Exercise description: The required answer is an exact copy of the lines from the one containing "Movie still from" to the end of the listing, both included, without any pictures.

The input:
________________
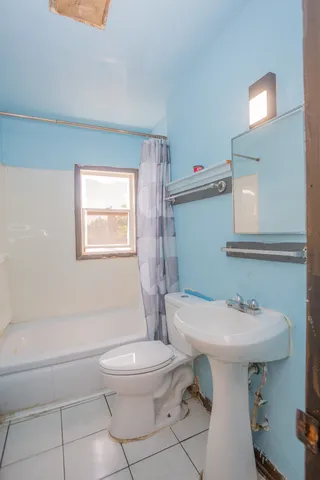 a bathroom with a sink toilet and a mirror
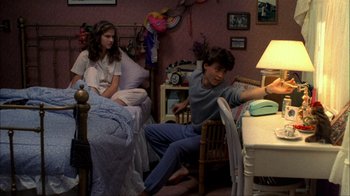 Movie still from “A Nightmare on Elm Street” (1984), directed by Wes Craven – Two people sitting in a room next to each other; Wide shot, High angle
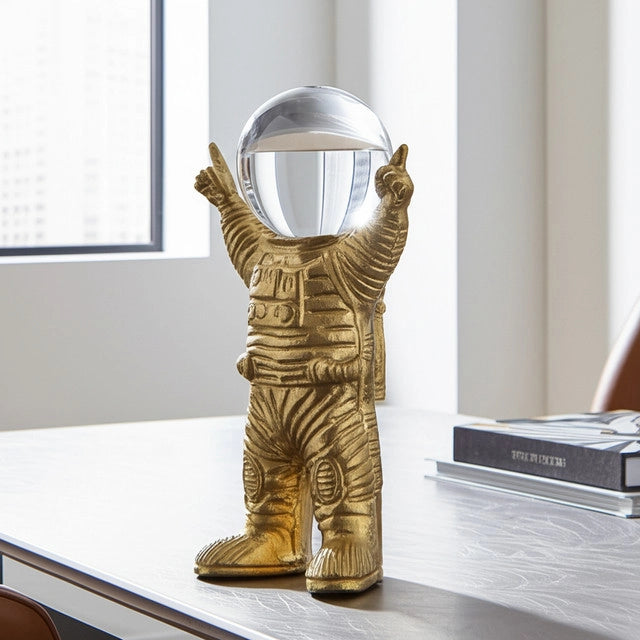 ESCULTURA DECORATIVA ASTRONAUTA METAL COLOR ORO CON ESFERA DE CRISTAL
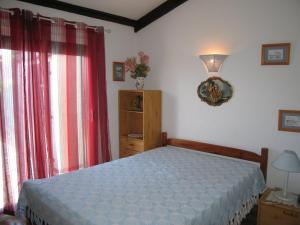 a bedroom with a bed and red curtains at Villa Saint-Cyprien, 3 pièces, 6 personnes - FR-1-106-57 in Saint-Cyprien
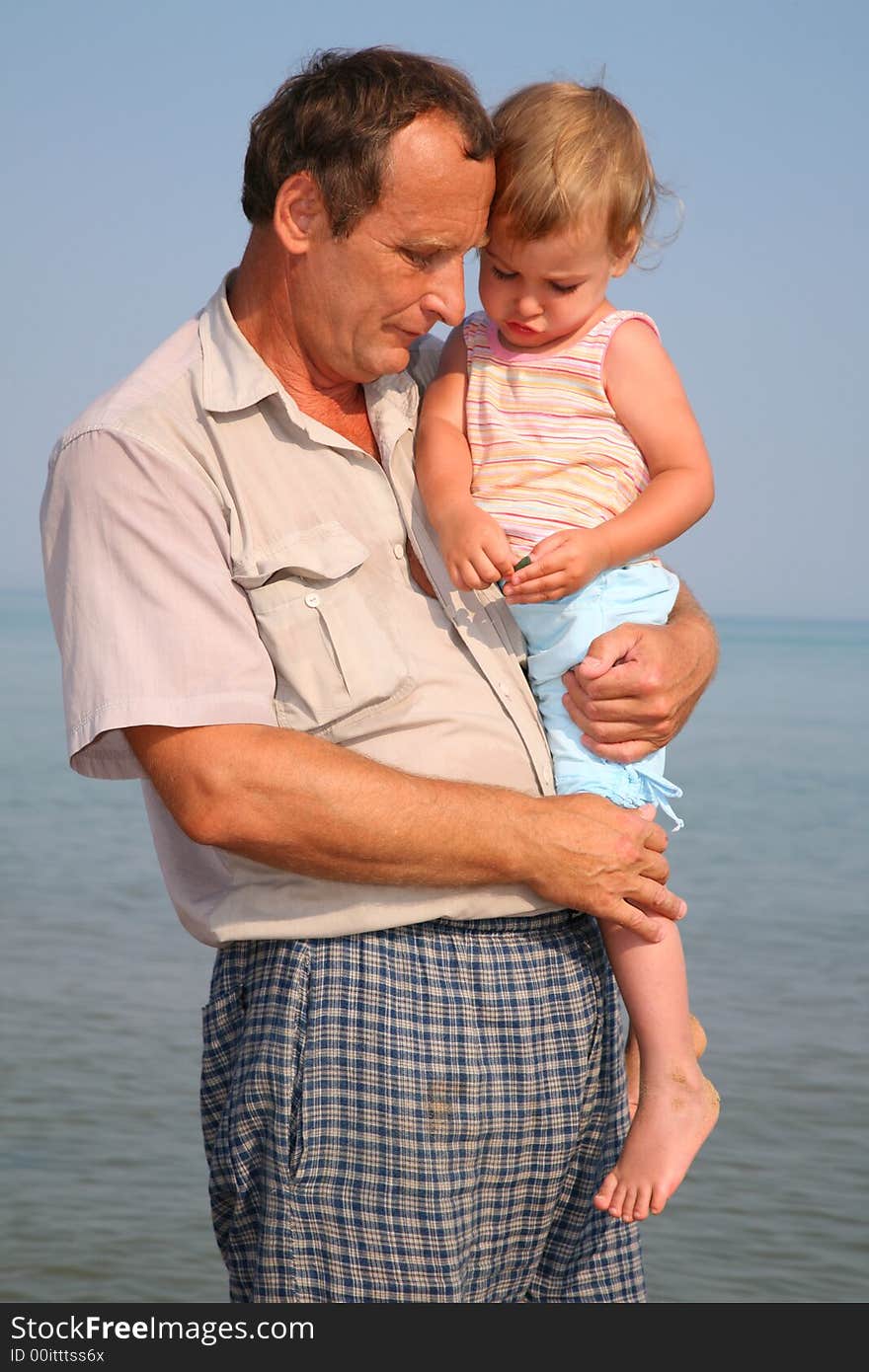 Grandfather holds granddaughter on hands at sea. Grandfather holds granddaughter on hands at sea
________________
Task solution:
 Movie still from “A Nightmare on Elm Street” (1984), directed by Wes Craven – Two people sitting in a room next to each other; Wide shot, High angle
 ESCULTURA DECORATIVA ASTRONAUTA METAL COLOR ORO CON ESFERA DE CRISTAL
 a bedroom with a bed and red curtains at Villa Saint-Cyprien, 3 pièces, 6 personnes - FR-1-106-57 in Saint-Cyprien
 Grandfather holds granddaughter on hands at sea. Grandfather holds granddaughter on hands at sea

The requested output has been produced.